(What to work on) Your task is to repeat exactly the lines below between the line holding "John Carpenter seduto" and the line holding "Bathroom featuring tile", inclusive, and only those.

Web page caption snippets:
☆ ☆ ☆ ☆ ☆ ☆ ☆

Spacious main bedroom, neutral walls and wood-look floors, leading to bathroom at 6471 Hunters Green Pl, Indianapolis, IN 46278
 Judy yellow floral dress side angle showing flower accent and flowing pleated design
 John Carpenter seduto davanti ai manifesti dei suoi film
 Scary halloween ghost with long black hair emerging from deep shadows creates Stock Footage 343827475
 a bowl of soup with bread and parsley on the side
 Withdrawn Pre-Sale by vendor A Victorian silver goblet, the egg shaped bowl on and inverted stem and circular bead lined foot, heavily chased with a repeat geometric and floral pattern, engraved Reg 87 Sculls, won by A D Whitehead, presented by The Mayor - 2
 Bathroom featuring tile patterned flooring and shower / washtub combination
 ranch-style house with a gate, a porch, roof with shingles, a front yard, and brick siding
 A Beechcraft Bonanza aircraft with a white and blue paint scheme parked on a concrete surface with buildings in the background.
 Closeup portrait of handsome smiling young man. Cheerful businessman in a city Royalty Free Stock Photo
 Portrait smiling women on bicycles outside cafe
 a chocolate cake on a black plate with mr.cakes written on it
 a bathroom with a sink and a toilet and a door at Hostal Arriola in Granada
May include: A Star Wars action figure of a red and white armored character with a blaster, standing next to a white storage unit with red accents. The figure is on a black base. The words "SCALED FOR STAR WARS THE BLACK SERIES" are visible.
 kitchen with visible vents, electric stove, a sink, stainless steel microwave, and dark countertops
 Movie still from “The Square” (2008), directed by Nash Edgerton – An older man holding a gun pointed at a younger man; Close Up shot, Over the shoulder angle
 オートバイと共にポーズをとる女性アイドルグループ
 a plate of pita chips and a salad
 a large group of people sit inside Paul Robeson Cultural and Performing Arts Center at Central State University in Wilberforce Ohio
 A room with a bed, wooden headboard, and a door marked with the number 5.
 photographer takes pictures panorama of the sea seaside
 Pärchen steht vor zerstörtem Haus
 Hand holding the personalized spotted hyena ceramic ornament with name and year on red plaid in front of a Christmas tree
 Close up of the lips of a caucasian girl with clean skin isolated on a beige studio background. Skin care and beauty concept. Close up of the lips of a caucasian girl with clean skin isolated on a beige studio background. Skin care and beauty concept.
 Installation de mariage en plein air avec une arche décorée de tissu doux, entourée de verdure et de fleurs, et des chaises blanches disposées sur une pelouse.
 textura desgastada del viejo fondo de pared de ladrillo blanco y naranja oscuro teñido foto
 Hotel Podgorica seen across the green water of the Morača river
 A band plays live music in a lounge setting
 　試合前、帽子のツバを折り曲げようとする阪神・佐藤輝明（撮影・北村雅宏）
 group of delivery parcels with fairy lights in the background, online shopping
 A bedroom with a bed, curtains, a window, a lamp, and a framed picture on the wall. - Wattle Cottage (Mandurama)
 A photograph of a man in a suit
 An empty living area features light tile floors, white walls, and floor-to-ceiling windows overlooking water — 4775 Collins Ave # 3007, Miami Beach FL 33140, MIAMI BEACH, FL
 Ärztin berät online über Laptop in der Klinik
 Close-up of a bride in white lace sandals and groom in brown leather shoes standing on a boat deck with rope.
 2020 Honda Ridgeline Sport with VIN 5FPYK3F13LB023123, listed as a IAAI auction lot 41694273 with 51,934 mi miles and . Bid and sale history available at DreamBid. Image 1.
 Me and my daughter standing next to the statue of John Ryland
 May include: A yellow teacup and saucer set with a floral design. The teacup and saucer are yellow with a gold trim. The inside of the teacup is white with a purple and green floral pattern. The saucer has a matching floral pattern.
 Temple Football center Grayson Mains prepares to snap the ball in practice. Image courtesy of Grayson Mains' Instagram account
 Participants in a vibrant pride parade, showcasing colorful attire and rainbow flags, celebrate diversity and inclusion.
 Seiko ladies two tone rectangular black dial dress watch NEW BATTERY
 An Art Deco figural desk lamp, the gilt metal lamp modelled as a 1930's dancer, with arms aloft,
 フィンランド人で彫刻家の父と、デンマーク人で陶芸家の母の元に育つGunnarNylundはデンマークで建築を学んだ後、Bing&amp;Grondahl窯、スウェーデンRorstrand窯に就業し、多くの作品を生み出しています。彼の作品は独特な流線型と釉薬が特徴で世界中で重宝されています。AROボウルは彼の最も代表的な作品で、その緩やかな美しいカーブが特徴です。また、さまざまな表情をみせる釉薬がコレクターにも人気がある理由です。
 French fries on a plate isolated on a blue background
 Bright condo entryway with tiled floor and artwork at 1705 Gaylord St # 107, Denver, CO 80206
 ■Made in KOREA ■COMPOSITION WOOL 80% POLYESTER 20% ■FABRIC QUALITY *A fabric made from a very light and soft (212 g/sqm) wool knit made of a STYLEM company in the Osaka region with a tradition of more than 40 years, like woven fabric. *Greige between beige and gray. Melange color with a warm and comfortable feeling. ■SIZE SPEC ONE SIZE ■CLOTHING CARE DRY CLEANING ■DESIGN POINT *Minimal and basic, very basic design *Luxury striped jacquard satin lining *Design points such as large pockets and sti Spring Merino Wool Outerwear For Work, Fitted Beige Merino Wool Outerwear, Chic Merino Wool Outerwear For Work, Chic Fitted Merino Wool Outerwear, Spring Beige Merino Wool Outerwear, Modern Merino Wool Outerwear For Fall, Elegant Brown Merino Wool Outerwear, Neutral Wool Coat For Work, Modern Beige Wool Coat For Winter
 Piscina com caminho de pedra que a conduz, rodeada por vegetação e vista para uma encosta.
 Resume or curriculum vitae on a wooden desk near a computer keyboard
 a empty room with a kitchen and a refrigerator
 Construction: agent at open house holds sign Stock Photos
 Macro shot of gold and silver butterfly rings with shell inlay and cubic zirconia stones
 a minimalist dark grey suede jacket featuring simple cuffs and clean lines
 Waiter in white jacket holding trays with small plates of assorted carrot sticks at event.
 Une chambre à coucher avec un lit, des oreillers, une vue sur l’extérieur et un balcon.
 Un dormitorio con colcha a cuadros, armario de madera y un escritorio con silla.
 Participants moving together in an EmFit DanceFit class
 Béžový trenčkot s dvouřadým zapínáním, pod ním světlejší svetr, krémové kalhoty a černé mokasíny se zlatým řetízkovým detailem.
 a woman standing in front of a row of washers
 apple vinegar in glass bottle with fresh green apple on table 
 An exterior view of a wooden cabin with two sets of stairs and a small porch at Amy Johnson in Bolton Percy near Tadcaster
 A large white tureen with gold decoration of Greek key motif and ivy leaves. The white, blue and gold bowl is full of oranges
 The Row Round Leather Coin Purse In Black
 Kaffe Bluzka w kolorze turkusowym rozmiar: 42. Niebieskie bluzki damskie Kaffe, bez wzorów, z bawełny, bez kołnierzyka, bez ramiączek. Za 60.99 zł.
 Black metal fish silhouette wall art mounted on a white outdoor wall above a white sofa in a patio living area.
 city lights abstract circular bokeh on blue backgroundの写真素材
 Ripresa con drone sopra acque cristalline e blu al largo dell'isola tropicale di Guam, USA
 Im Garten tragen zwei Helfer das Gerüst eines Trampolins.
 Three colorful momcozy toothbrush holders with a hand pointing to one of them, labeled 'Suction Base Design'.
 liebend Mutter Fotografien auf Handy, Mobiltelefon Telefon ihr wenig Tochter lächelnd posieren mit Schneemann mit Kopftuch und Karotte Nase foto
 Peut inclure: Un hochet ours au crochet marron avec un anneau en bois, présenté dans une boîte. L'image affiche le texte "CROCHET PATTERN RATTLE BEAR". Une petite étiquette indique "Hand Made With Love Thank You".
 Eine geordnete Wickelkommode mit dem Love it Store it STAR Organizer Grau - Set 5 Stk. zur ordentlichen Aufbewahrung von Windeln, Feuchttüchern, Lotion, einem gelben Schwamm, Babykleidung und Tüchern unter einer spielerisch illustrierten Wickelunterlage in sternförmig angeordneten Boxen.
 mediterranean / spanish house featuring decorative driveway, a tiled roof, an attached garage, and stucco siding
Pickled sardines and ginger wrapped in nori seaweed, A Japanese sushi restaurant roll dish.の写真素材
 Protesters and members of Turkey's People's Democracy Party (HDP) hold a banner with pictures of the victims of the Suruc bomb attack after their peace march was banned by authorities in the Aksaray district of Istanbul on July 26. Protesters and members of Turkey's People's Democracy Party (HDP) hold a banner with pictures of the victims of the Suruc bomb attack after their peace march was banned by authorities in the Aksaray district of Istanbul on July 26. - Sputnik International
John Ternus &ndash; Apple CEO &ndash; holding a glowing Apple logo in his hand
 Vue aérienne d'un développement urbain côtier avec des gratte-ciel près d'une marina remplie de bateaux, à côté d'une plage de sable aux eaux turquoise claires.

☆ ☆ ☆ ☆ ☆ ☆ ☆

(Solved problem)
 John Carpenter seduto davanti ai manifesti dei suoi film
 Scary halloween ghost with long black hair emerging from deep shadows creates Stock Footage 343827475
 a bowl of soup with bread and parsley on the side
 Withdrawn Pre-Sale by vendor A Victorian silver goblet, the egg shaped bowl on and inverted stem and circular bead lined foot, heavily chased with a repeat geometric and floral pattern, engraved Reg 87 Sculls, won by A D Whitehead, presented by The Mayor - 2
 Bathroom featuring tile patterned flooring and shower / washtub combination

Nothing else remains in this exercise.